### What the task asks
Starting with the line below that holds "消しゴムはんこ 魔入間" and stopping after the line that holds "大人大戦 第37話 - 6", transcribe the lines exactly, leaving out all pictures.

### Recorded data
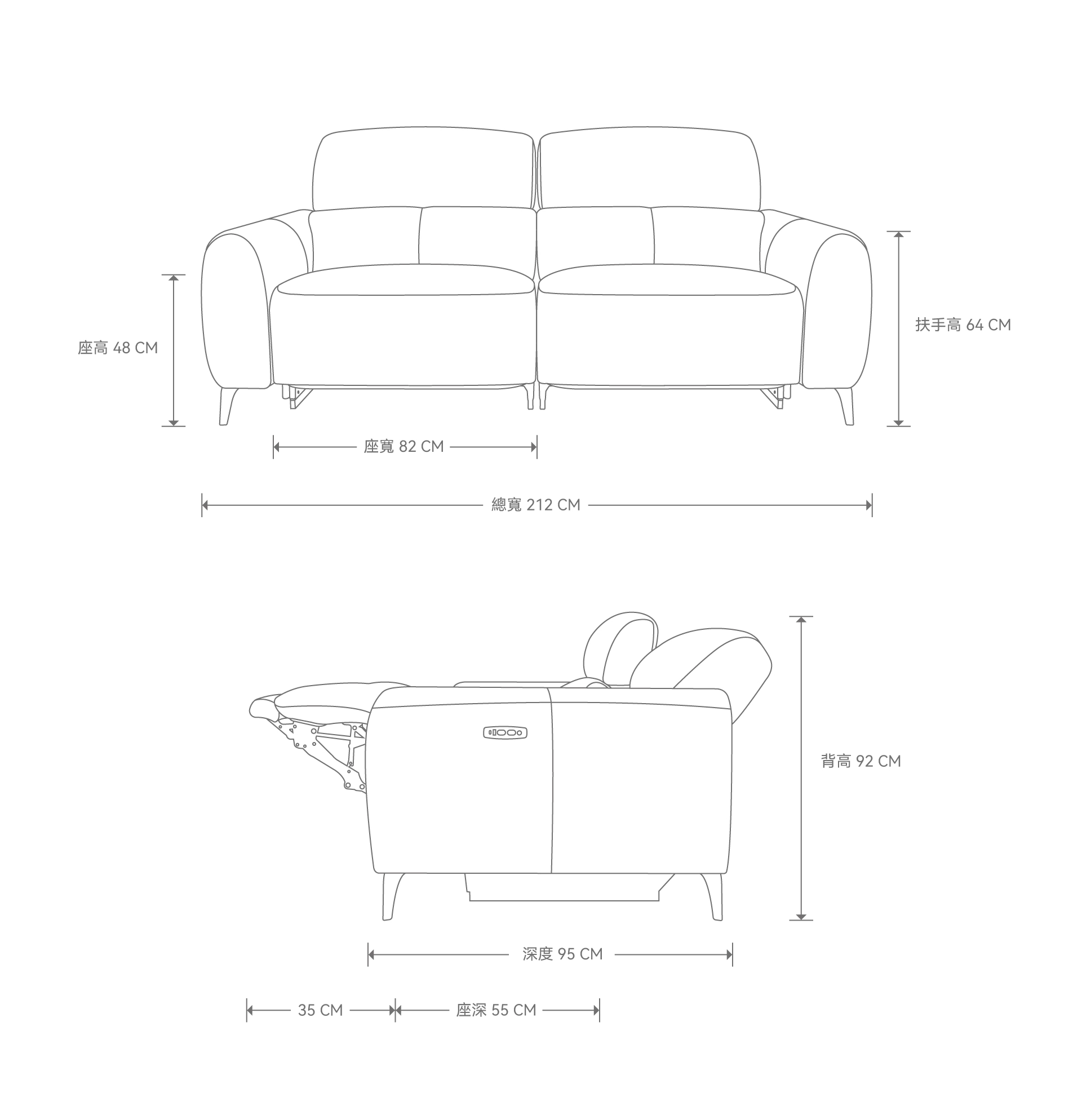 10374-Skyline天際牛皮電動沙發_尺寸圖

==

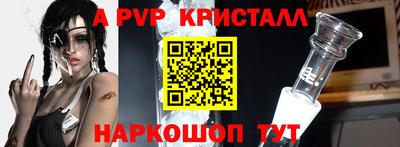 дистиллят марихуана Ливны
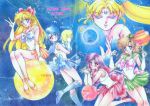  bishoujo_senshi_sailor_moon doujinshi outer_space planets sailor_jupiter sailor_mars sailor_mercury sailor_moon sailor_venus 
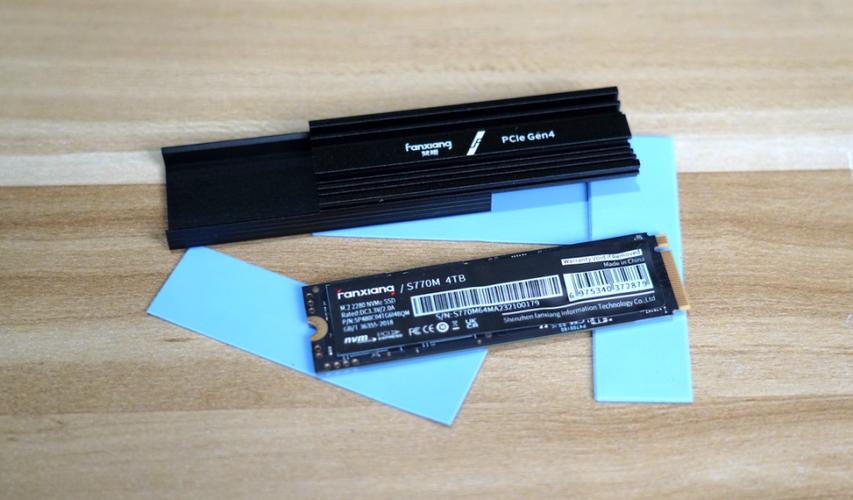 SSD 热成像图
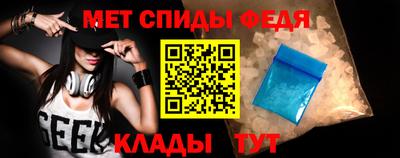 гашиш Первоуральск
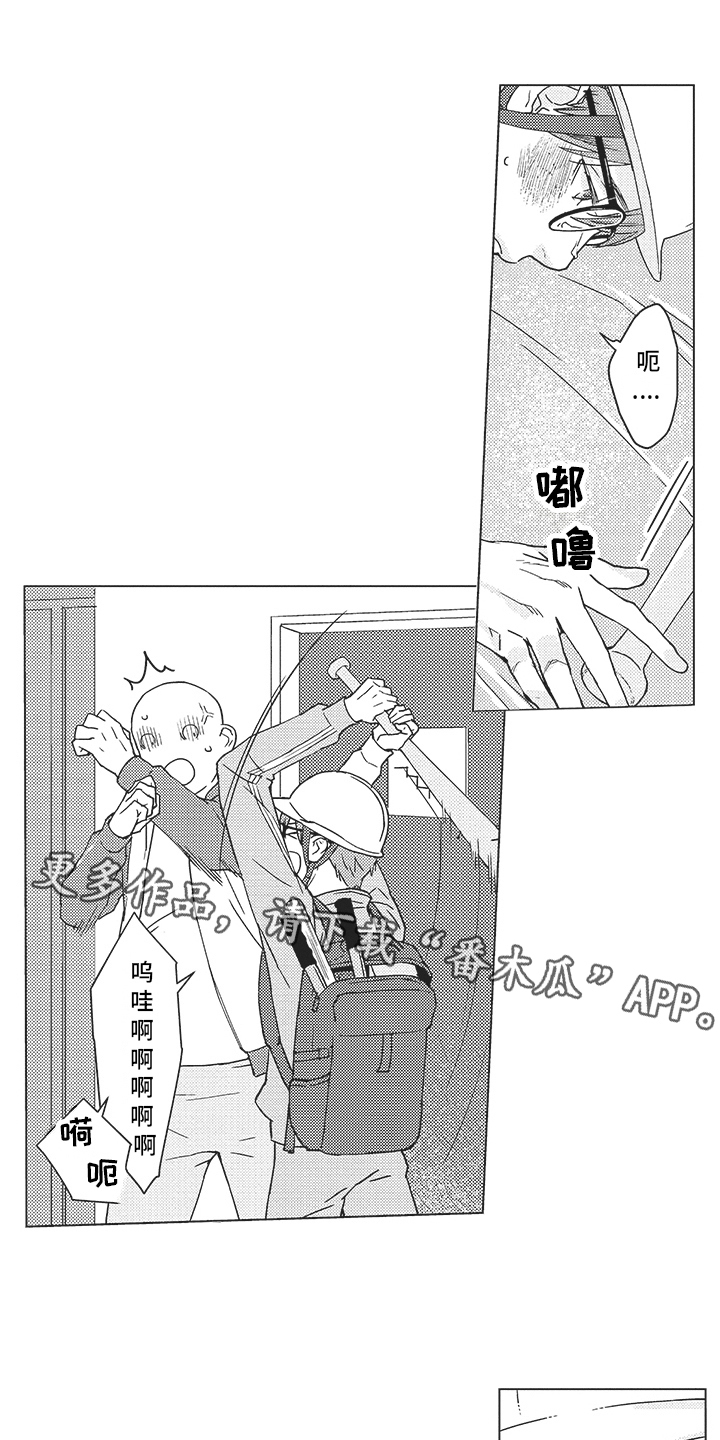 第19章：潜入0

---

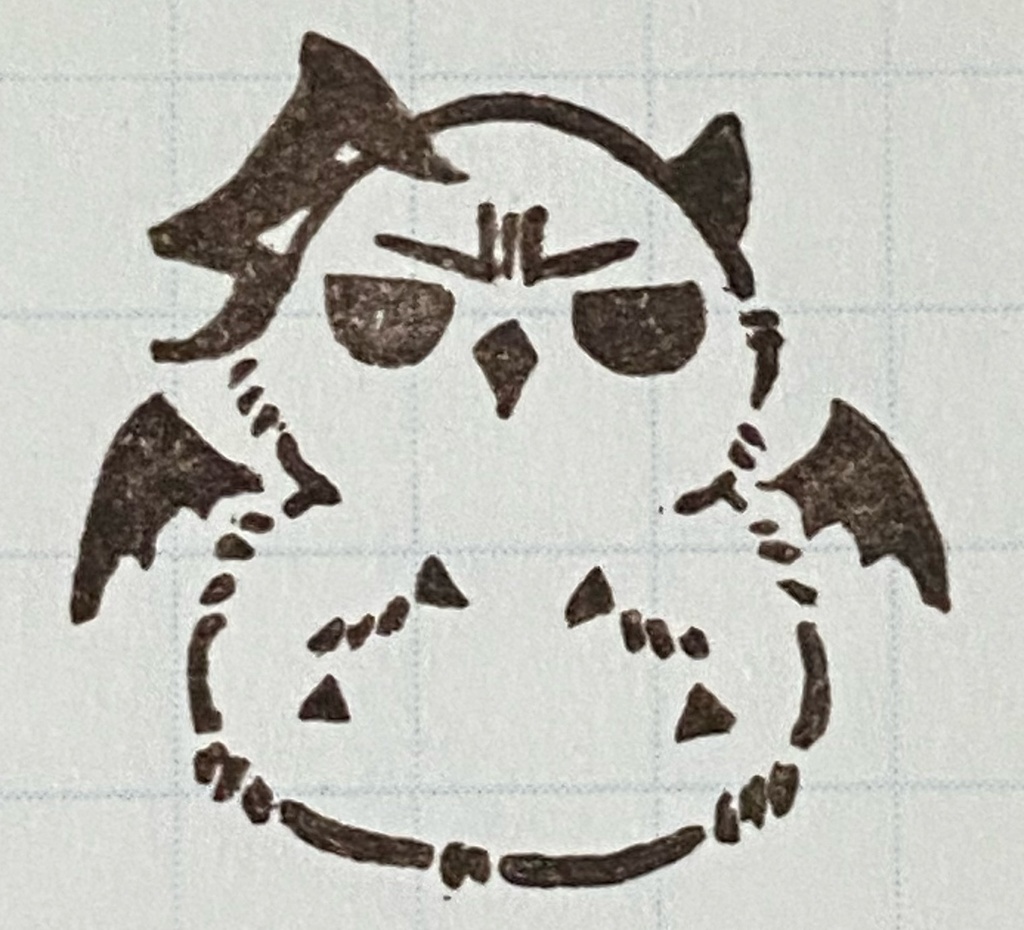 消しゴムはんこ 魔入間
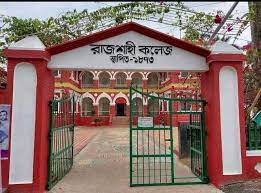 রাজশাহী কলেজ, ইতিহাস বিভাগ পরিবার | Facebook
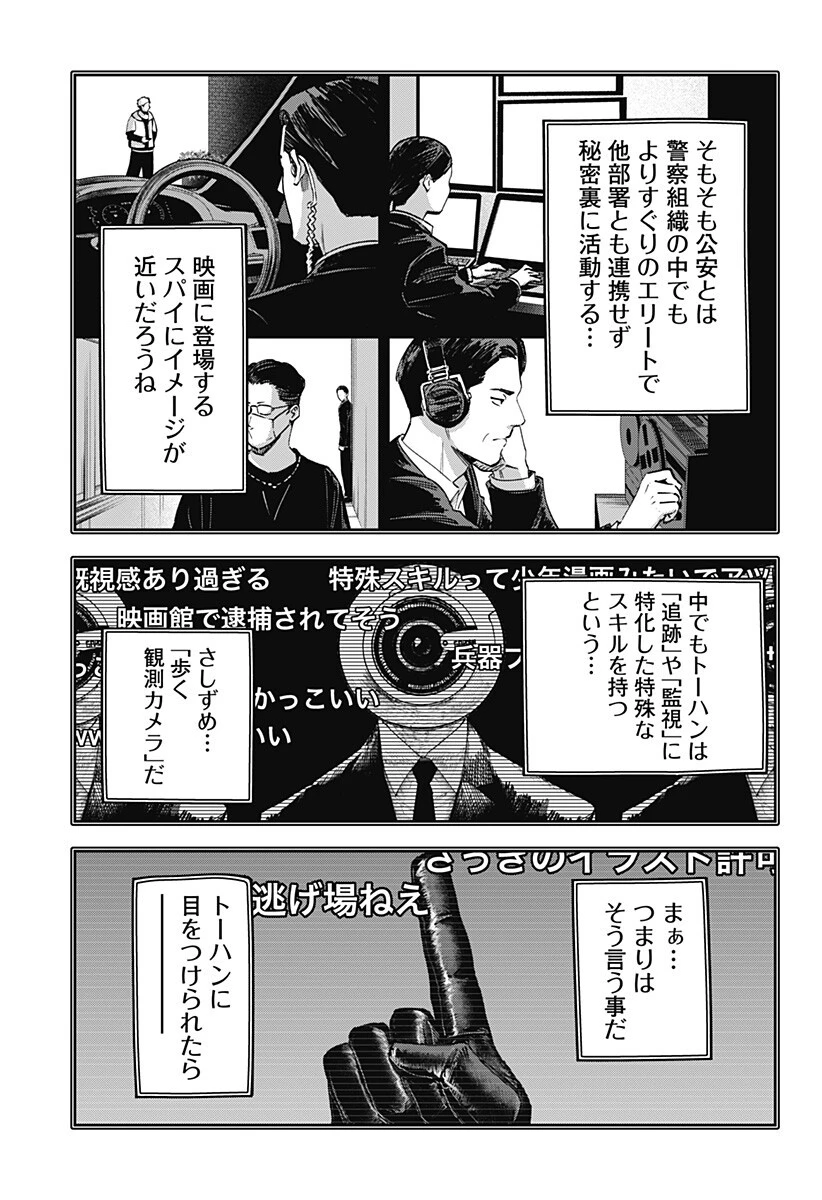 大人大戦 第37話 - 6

### Solution
 消しゴムはんこ 魔入間
 রাজশাহী কলেজ, ইতিহাস বিভাগ পরিবার | Facebook
 大人大戦 第37話 - 6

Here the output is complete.